I know this because I wrote one book about people talking to the dead and another one about people who believe in magic. I’ve also written about Catholics and evangelicals and Jews and Hindus and Muslims, and people with all sorts of beliefs that they don’t have a name for. All this ferreting around in spirituality means I’ve spent a lot of time talking to people about whether they’ve experienced miracles.

And one of the things I’ve found out is that one of the places God appears to be most active is in the car. (Which makes me think that if you’re looking for God, you might try the car. But that’s another blog.)

If you don’t believe God’s activities often involve cars, ask anybody if they believe in angels. If they do, nine times out of ten, they’ll tell you that they pray for parking places – and they always get one. The Archangel Michael is so effective at finding parking places close to the mall that someone once suggested Parkangel Michael might be a more appropriate title for him.

Many auto miracles involve time warps. Sometimes someone is rushing somewhere and they don’t have a prayer of getting there on time, and they pray anyway and time seems to stand still for them. Impossibly, they travel great distances in shorter times than are possible. Speed, they’ve assured me, is not the salient factor. They’ve been transported without realizing it. Or time has stopped. Or something.

Car miracles also often involve gasoline, as does one told by a friend of mine, Ebenezer Obadare. This story comes from a Nigerian pastor whose country is often gripped by fuel shortages. He’d planned to stop in a town six miles from his home to get gasoline, but the town had no gas. His fuel gauge was now needling toward empty, but the Lord was with him, so he ignored it. Two hundred miles later, he had completed his visit to another town and returned home – all without having added one drop of petrol to his tank.

Lots of car miracles happen in the United States, but people mostly keep quiet about them. Not so in Africa, where Obadare, now a professor of sociology at the University of Kansas, Lawrence, was born and now conducts much of his research into politics and religion and other interesting topics.
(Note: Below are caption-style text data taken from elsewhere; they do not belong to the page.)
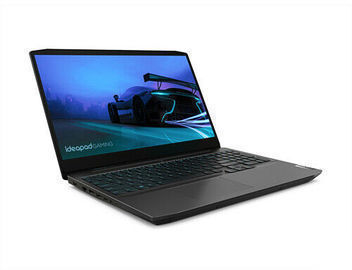 Lenovo IdeaPad 15.6 Laptop w/ Core i5 CPU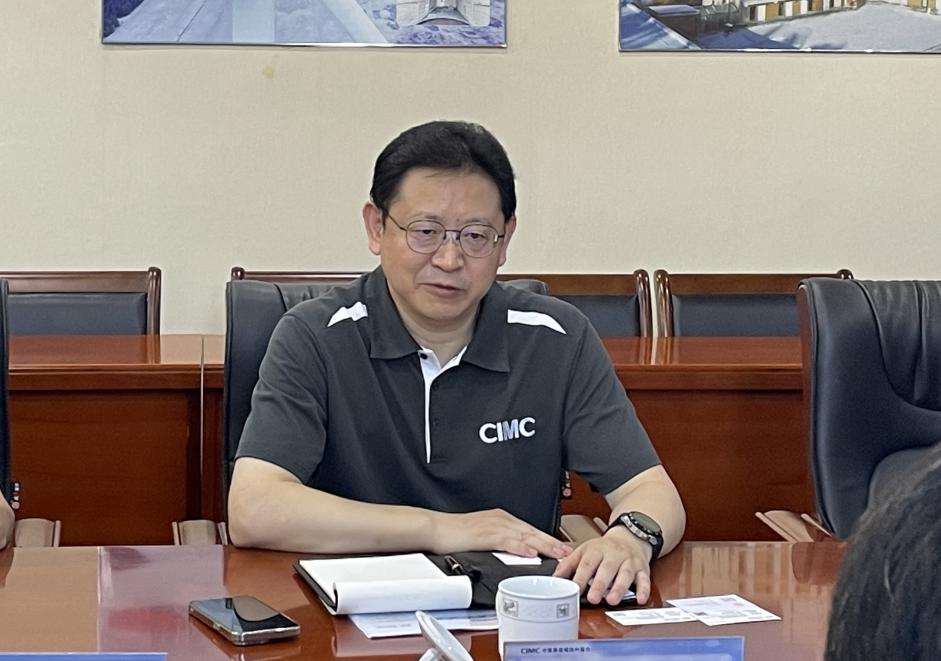 图片2.jpg 图片2.jpg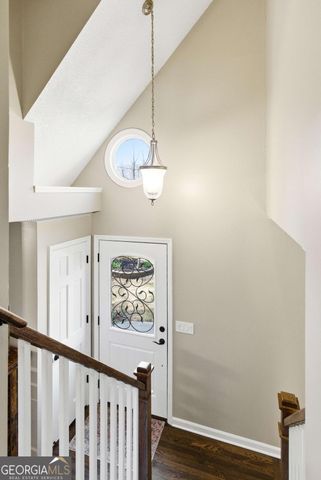 588 Norman Way NW, Kennesaw, GA 30144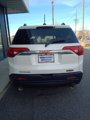 Used 2017 GMC Acadia SLT image 6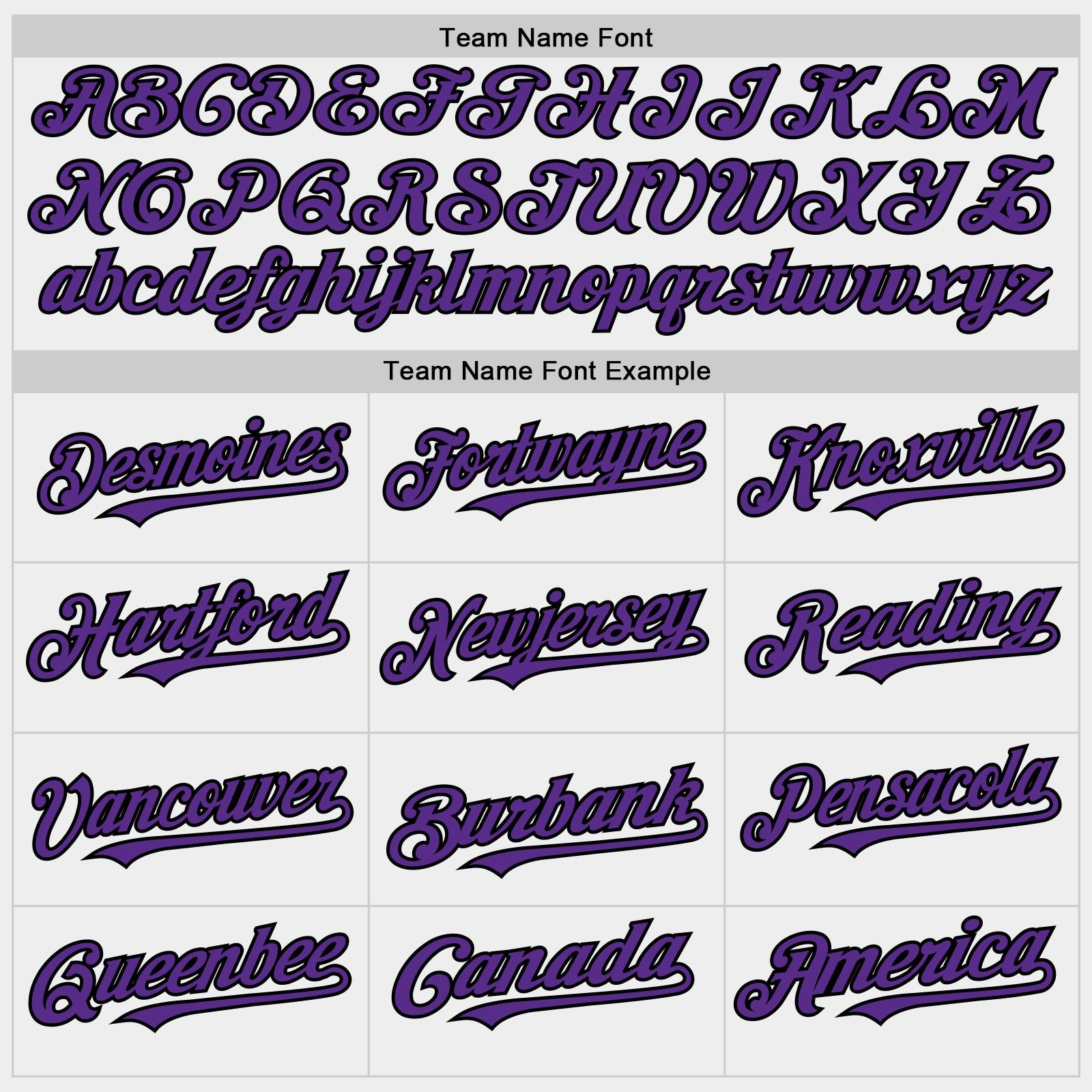 Custom White Purple-Black Bomber Full-Snap Varsity Letterman Two Tone Hoodie Jacket view 4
He wrote last year about car prayers:

In Nigeria, prayers about the automobile can focus on one or a combination of things: prayer to be able to muster sufficient funds to purchase a car of one’s dream, prayers for spiritual fortification against an assortment of dangers and perils, including road accidents and/or evil forces, mystical attack, or the evil eye of malicious kin. As fatalities from car accidents have grown, prayers for protection from the dangers of the road have become louder and persistent. The prayer, “Ka ma rin ni ojo ti ebi n p’ona” (May we not travel on the very day that the road is famished) carries an added resonance against a backdrop of endemic auto-mortality.

In Lagos, Nigeria, he writes, highways are so crowded that traffic jams slowed to a dead stop, which Nigerians call “go slows,” can last several hours. The Nigerians have come up with a solution that might yield greater peace and safety than our traffic jam solutions, which usually involve texting, talking and cursing.

The Nigerians turn commuting into communing, as he cleverly puts it, by using the time to pray.

Obadare writes, “ an ordinarily desperate situation becomes a moment for sustained reflection, and anarchic time becomes an opportunity for quiet time.”

Not a bad idea. And if you happen to need a parking place when you finally arrive, you’ll already be connected to the answer line.